Securing access while gaining community buy-in
Though facial recognition and AI are becoming increasingly mainstream, the lack of regulation in the industry has caused concern among the public. With this in mind, I knew that transparency and collaboration would be key throughout the implementation of SAFR for K-12.
Prior to the installation of the software, we reached out to community stakeholders to solicit thoughts and concerns, which allowed us to provide answers and increase the ability for a smooth and successful deployment. Teachers, families and students were notified from the beginning, with consent being collected as needed, concerns being heard, and our plan being shared. Teachers must first opt-in to use the SAFR for K-12 system.
Students and families have remarked that they can “breathe a little easier” knowing that the school is being monitored, and staff feel empowered having an extra security tool in their toolbox.
Data, privacy and regulation
It’s scary to think of an advanced technology that has no set standards for regulation.
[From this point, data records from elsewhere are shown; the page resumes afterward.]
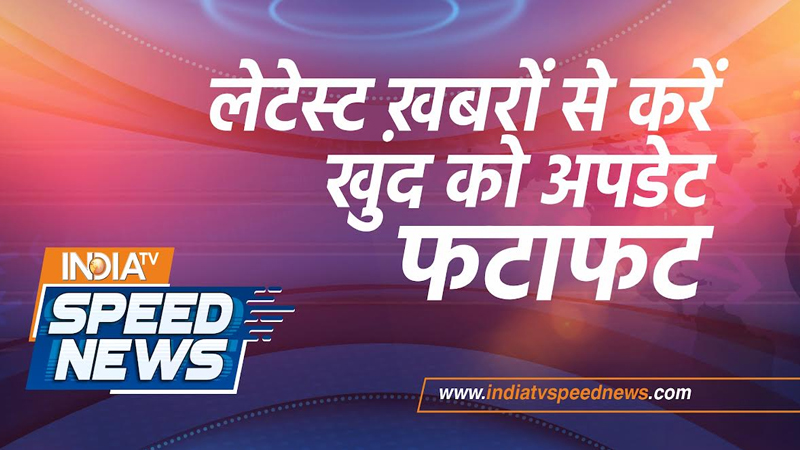 India TV Speed News hits the web, puts fast journalism in the fast lane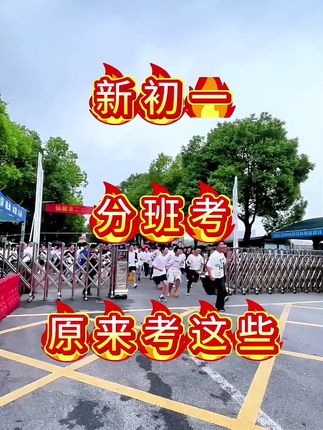 小升初分班考,考的是小学知识还是初中知识?这本新初一分班考 都帮孩子整理好了#七年级#分班考#六升七
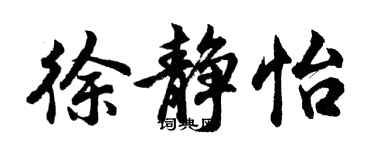 胡問遂徐靜怡行書個性簽名怎么寫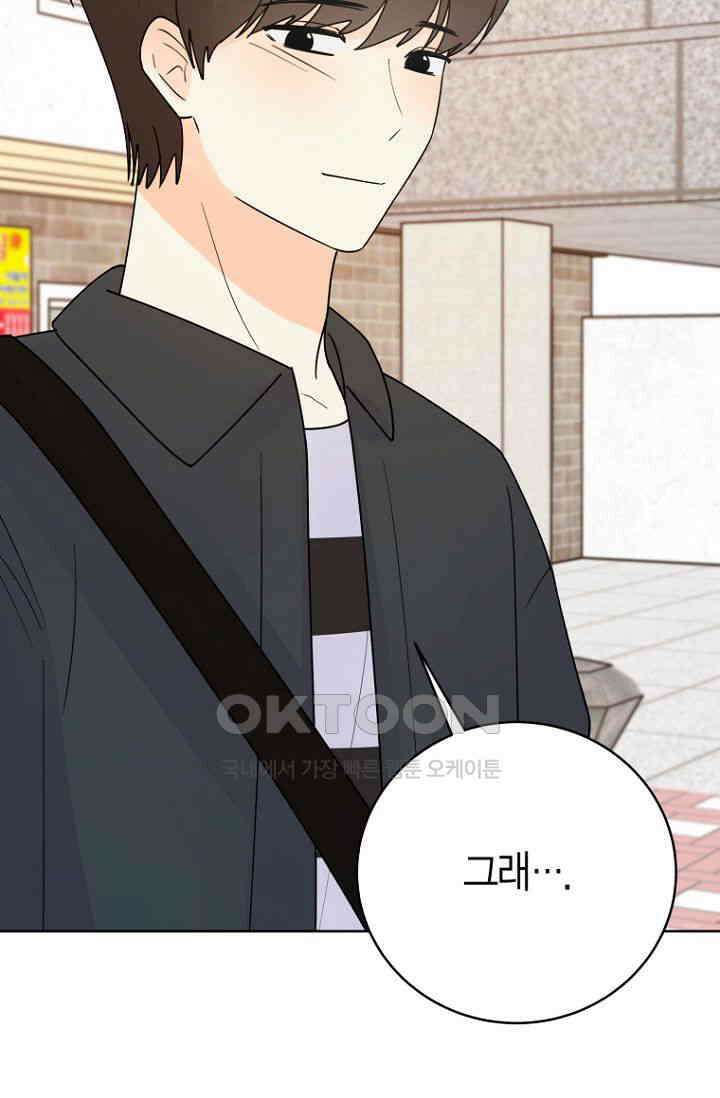 내 사랑 민우 47화 91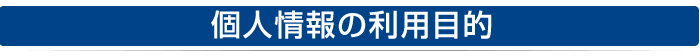 個人情報の利用について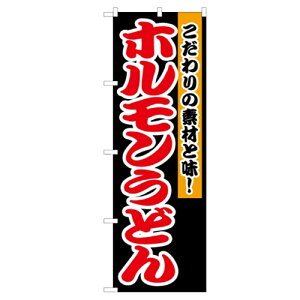 ̂ڂuzǂv̂ڂ艮H[ 1345 600mm×1800mm/Ɩp/Vi/Ώۏi/e|X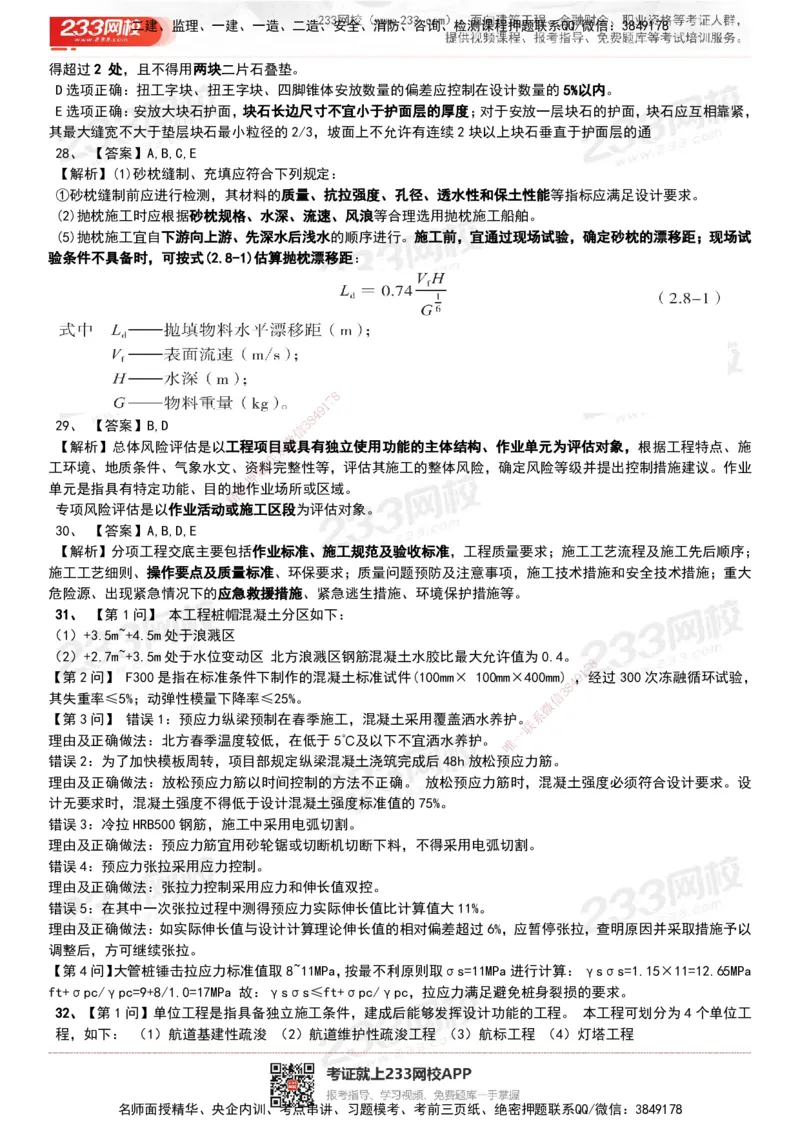 233-港航-历年真题-19-23年_2026年一级建造师_2026年一建港航_2025年一建港航SVIP_01-精华文档✿电子教材✿历年真题_02-历年真题PDF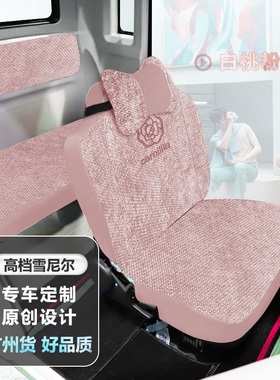 盛昊G15G7nomiG3/Z1C1/G2F3Q3C3雷迈G6/Q1金彭雪宝电动三轮车座套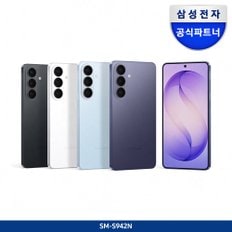 [쓱닷컴] 삼성 갤럭시 S26 256GB SM-S942N 자급제 (현대 15개월 무이자)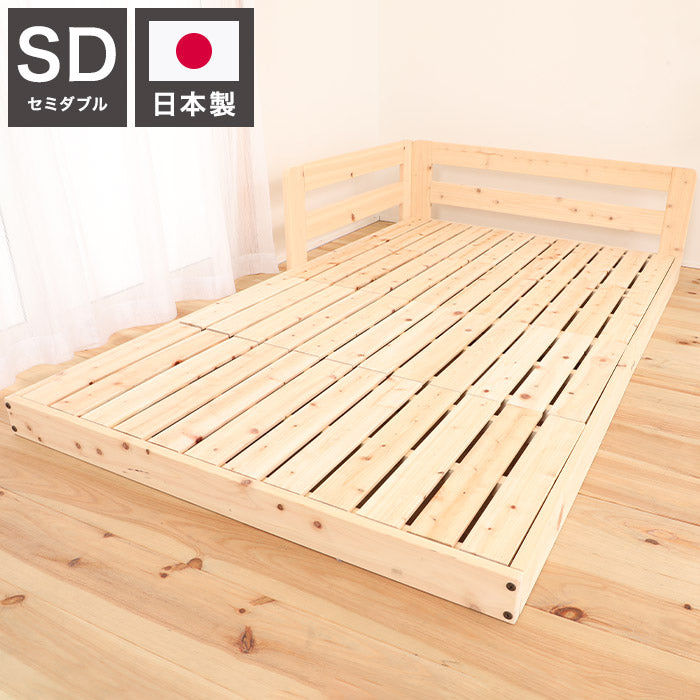 ベッドフレーム セミダブル ピッタリ並べて使えるサイドガード付き国産ひのきすのこベッド ベットフレーム ベッド ベット 寝具 インテリア 家具 TCB280 SD セミダブルサイズ SDサイズ(代引不可)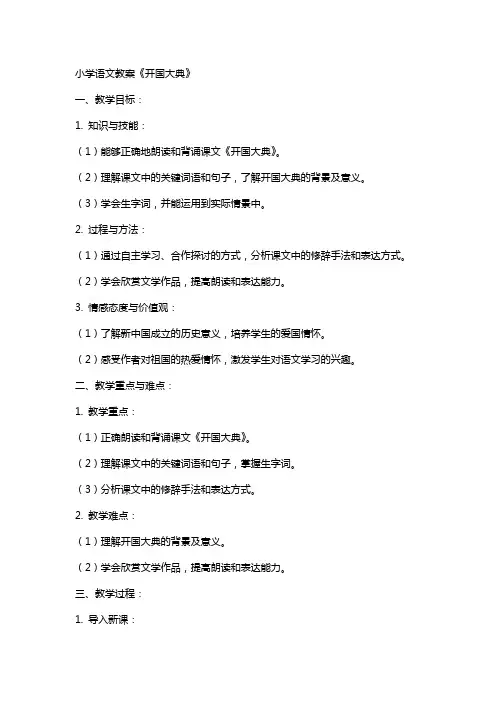 小学语文教案《开国大典》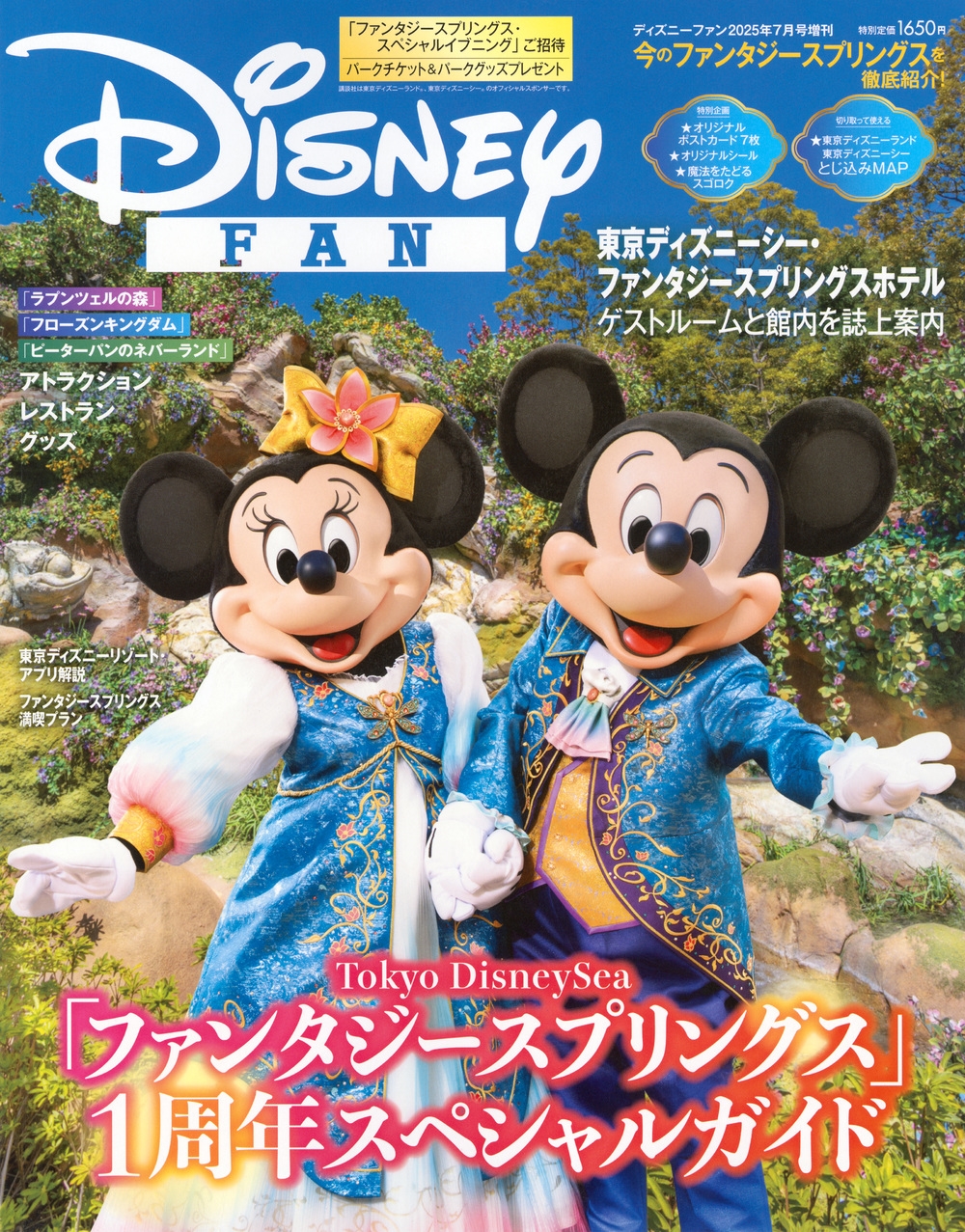 Disney Fan 雑誌セット 2024/10-2025/7 - メルカリ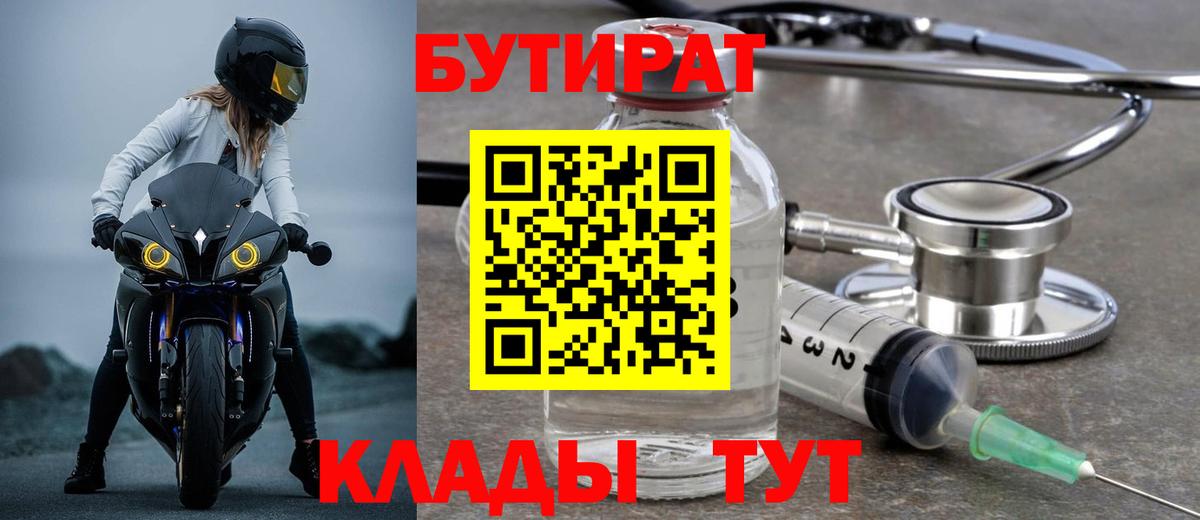 Лыткарино  БУТИРАТ 99%  Вход с VPN 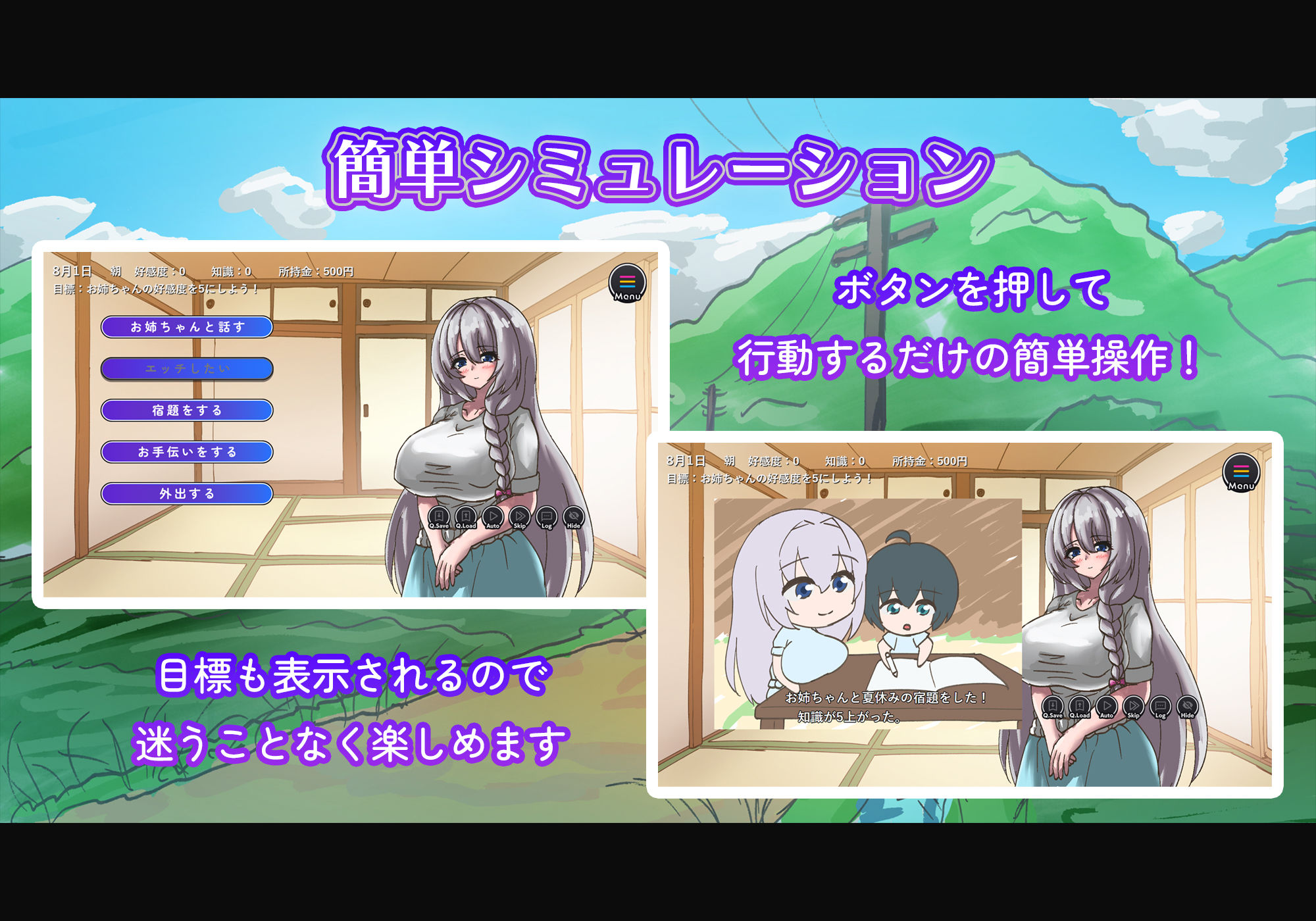 お姉ちゃんとの夏休み〜田舎で過ごすエッチな想い出〜 サンプル画像 3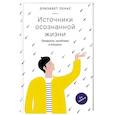 russische bücher: Лукас Элизабет - Источники осознанной жизни. Преврати проблемы в ресурсы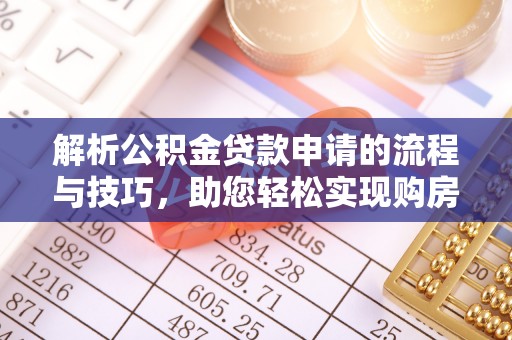 民权解析公积金贷款申请的流程与技巧，助您轻松实现购房梦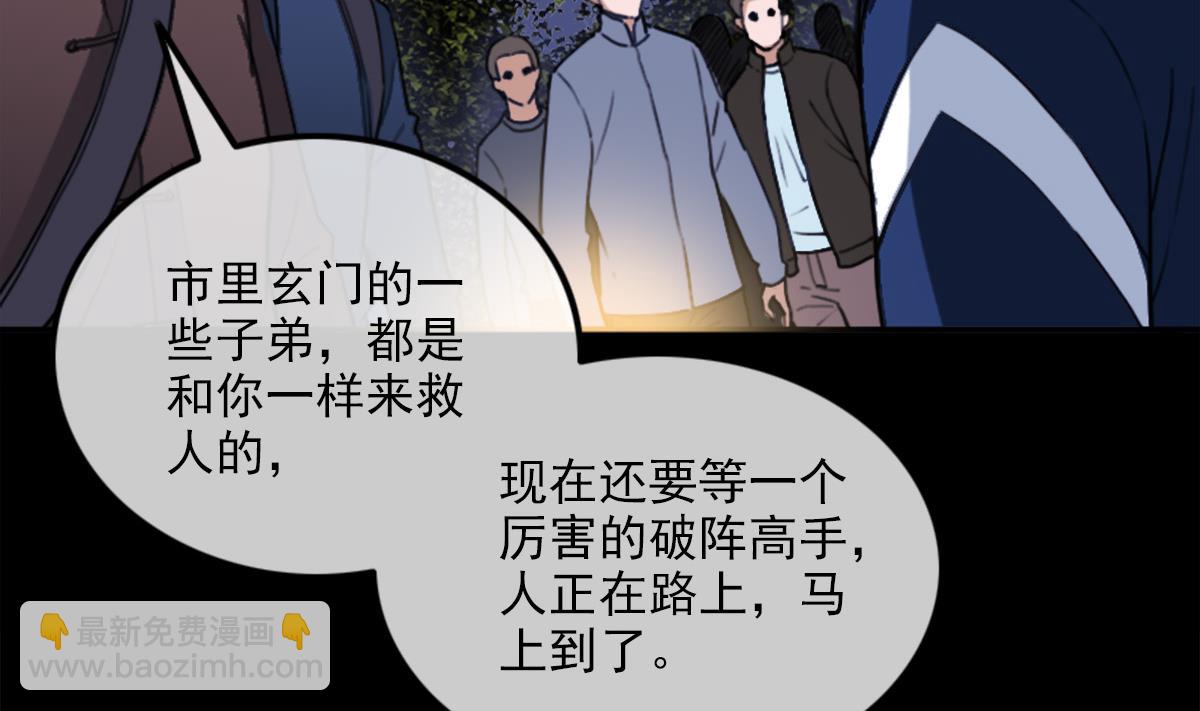 🍴劫天运 第373话 悬棺 第8页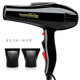 Sèche-cheveux Guangming RCT9930 High Power 2200W Hot Air Air Maison de coiffure High Wind Power Sécheur rapide Guangming 2200W Air chaud et chaud 8800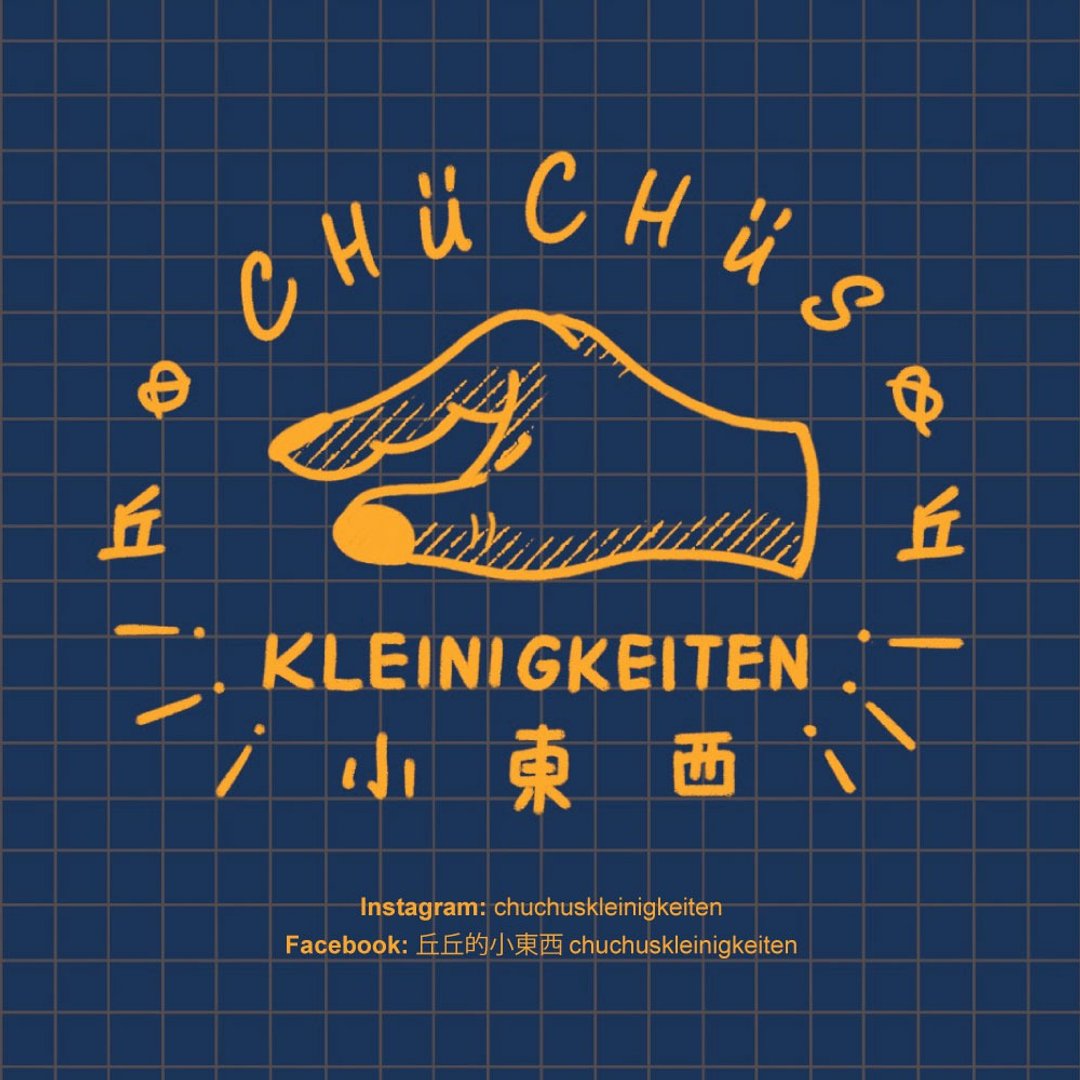 【Chüchü's】丘丘加购区 - 礼物包装 无单独贩售 - 其他 - 纸 多色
As some big name companies have come under fire for their usage of facial recognition, it shouldn’t come as a surprise that other big names are calling for regulation.
According to the National Institute of Standards and Technology (NIST), between 2014 and 2018 facial recognition software got 20 times better at searching a database to find a matching photograph. The quick advancement of facial recognition and its usage across industries has caused some unease in the general public — and that’s understandable. As with the evolution of any technology, it’s important that we first consider the implications that it could bring, while also considering the value.
We ultimately decided to install the SAFR for K-12 software because of the vigorous steps that have been taken to keep data secure and private, its 99.8 percent accuracy rate and top performance during NIST standard testing. Any biometric data collected is kept encrypted on a computer accessible only to designated staff members. And, as mentioned earlier, student data is not collected. Any staff member or visitor who registers in the system must first consent, and that consent can be withdrawn at any time.
We also follow a strict set of best practices for facial recognition usage in school. These standards stress the importance of protecting the privacy of staff, students and visitors first, and always using the software to support a private, safe and secure environment.
Being in an administrator role, it’s my primary responsibility to vet and ensure that any technology I bring into our school is credible, secure and safe. Prior to implementing any kind of technology or tool, it’s an important step to research the company, and their views on keeping data secure and private. Ensuring that a system is first and foremost built for privacy and data security should be a priority for any institution — regardless of industry, or complexity of the technology.
While the trend in advancing school safety continues, I expect that technology such as facial recognition will continue to rise. With this in mind, it’s more important than ever that we advocate for regulation and proper usage of the technology, and continue to collaborate on best practices for keeping students safe. There’s no way to sugarcoat it: school violence can never be 100 percent prevented. But, with effective tools and strategies in place, we’re able to make schools a little bit safer.